Accordingly, Sicily was crowded
with slaves, employed to grow corn for the great landed proprietors,
whether Sicilian or Italian, and so ill-fed by their masters that
they soon began to provide for themselves by robbery. The poorer
Sicilians were the sufferers from this evil; and as the masters were
well content that their slaves should be maintained at the expense of
others, they were at no pains to restrain their outrages. Thus,
although nominally at peace, though full of wealthy proprietors, and
though exporting corn largely every year, yet Sicily was teeming with
evils, which, seventy or eighty years after, broke out in the
horrible atrocities of the Servile War." [2]

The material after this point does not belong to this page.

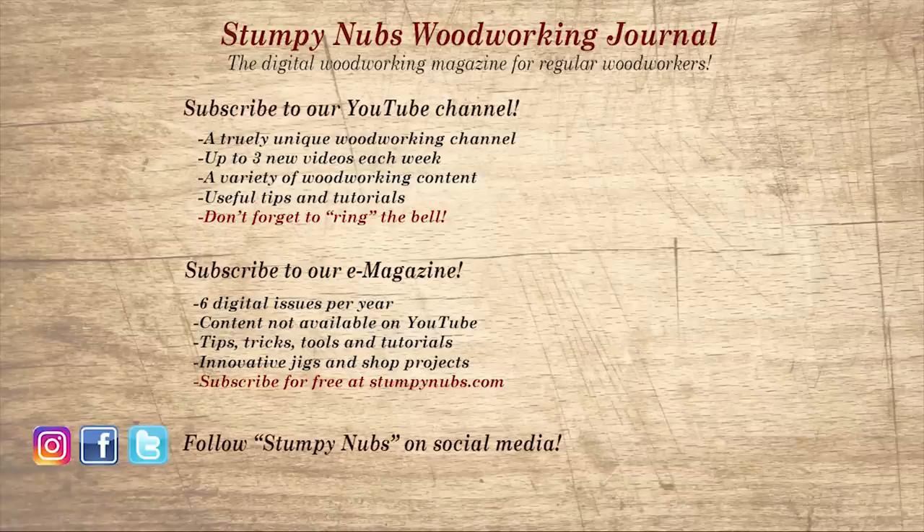Don't go yet. If you're new here, please subscribe and remember to ring the bell — I would really appreciate that. Give us a thumbs up, or better yet, leave us a comment. I always read them. And be sure to check out the latest issue of Stumpy Nub's Woodworking Journal. It's always packed with tips, tricks, and tutorials designed to make you a better woodworker.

[Footnote 2: Arnold, _History of Rome_, Vol. III. pp. 317-318,
London edition.]
The Sicilian Servile War began B.C. 133, only a few years after the
destruction of Carthage and Corinth, and when the military power of
the republic was probably at its height, though military discipline
may have been somewhat relaxed from the old standard. It lasted two
or three years. The chief of the slaves had at one time two hundred
thousand followers, inclusive, probably, of women and children. He
was a Syrian of Apamea, named Eunus, and had been a prophet and
conjurer among the slaves. To his prophecies and tricks he owed his
elevation when the rebellion broke out.